» **Exercise brief**: Restate the records that follow word for word. Omit the images.

---- Data to process

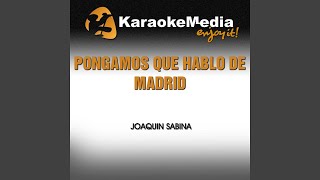 Pongamos Que Hablo de Madrid Karaoke Version In the Style of Joaquin Sabina [upl. by Manup]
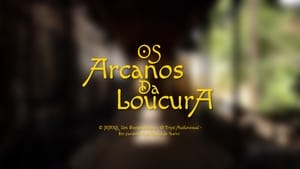 Os Arcanos da Loucura film complet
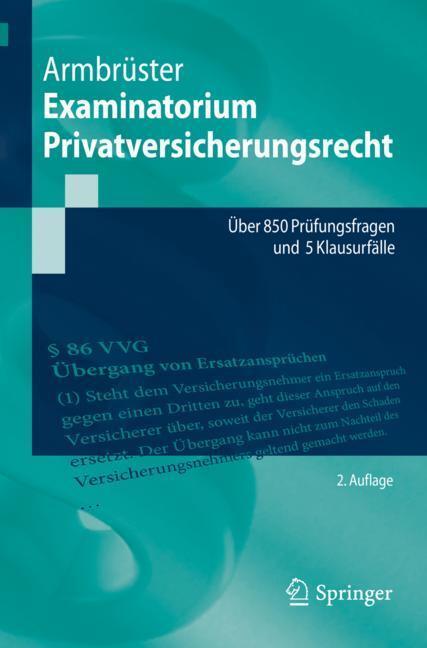 Cover: 9783662586532 | Examinatorium Privatversicherungsrecht | Christian Armbrüster | Buch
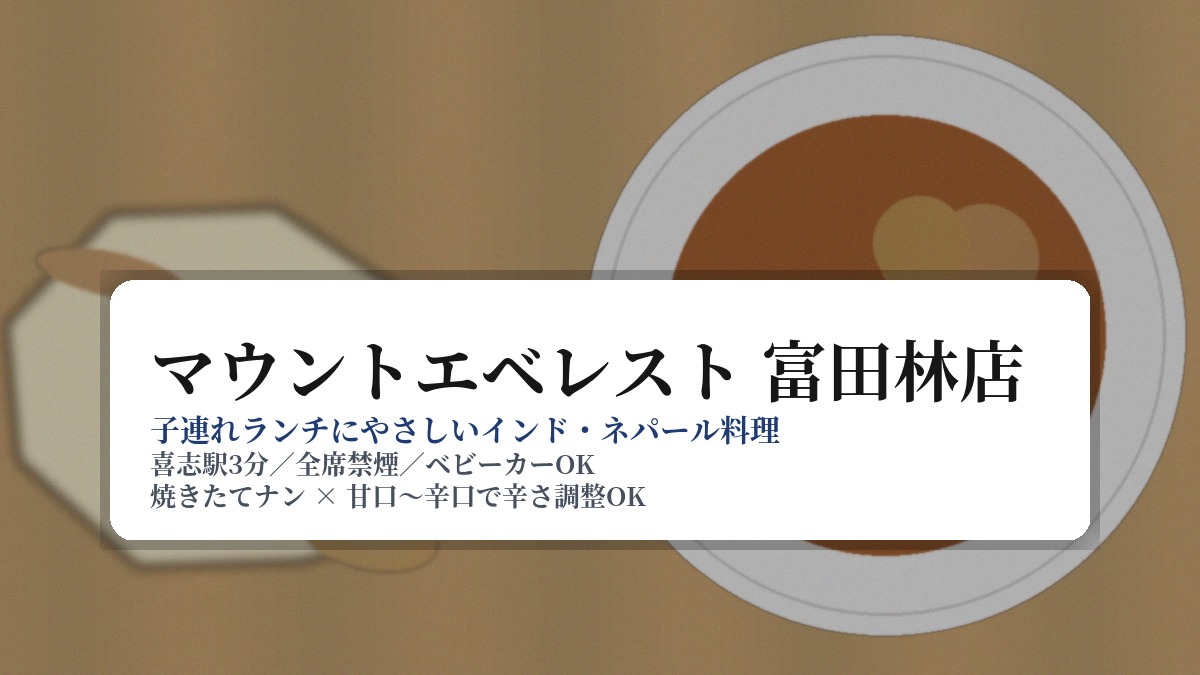 【子連れランチ】マウントエベレスト 富田林店 | 全席禁煙・ベビーカーOK／ナン1回おかわり無料（セット）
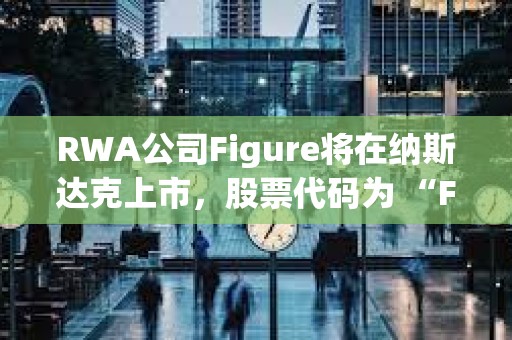 RWA公司Figure將在納斯達克上市，股票代碼為 “FIGR”
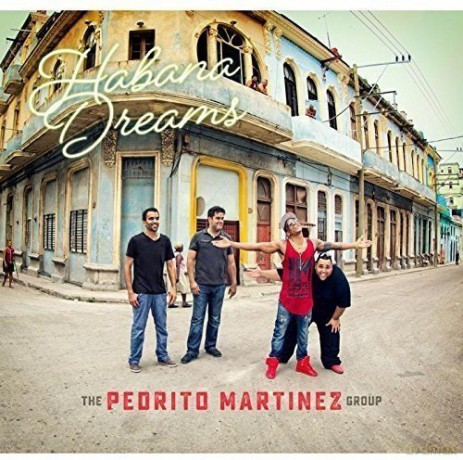 The Pedrito Marinez: Habana Dreams [CD]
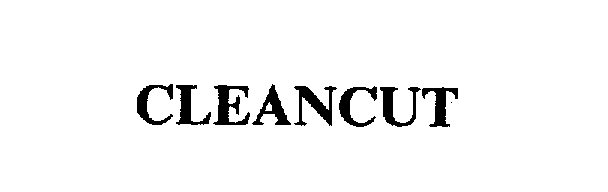 Trademark Logo CLEANCUT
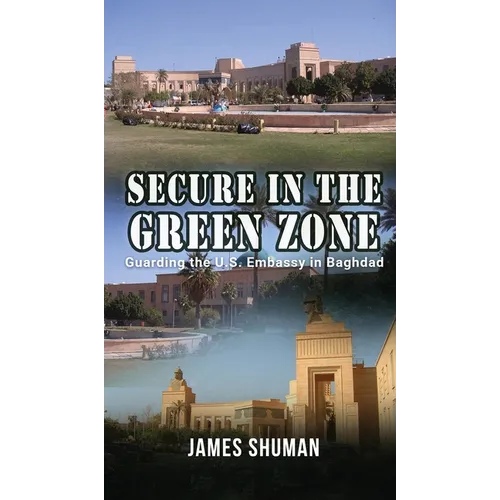 Secure in the Green Zone: Guarding the U.S. Embassy in Baghdad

--------

» **Exercise answer**:
 Pongamos Que Hablo de Madrid Karaoke Version In the Style of Joaquin Sabina [upl. by Manup]
 Os Arcanos da Loucura film complet
 Cover: 9783662586532 | Examinatorium Privatversicherungsrecht | Christian Armbrüster | Buch
 【子連れランチ】マウントエベレスト 富田林店 | 全席禁煙・ベビーカーOK／ナン1回おかわり無料（セット）
 RWA公司Figure將在納斯達克上市，股票代碼為 “FIGR”
 The Pedrito Marinez: Habana Dreams [CD]
 Trademark Logo CLEANCUT
 Secure in the Green Zone: Guarding the U.S. Embassy in Baghdad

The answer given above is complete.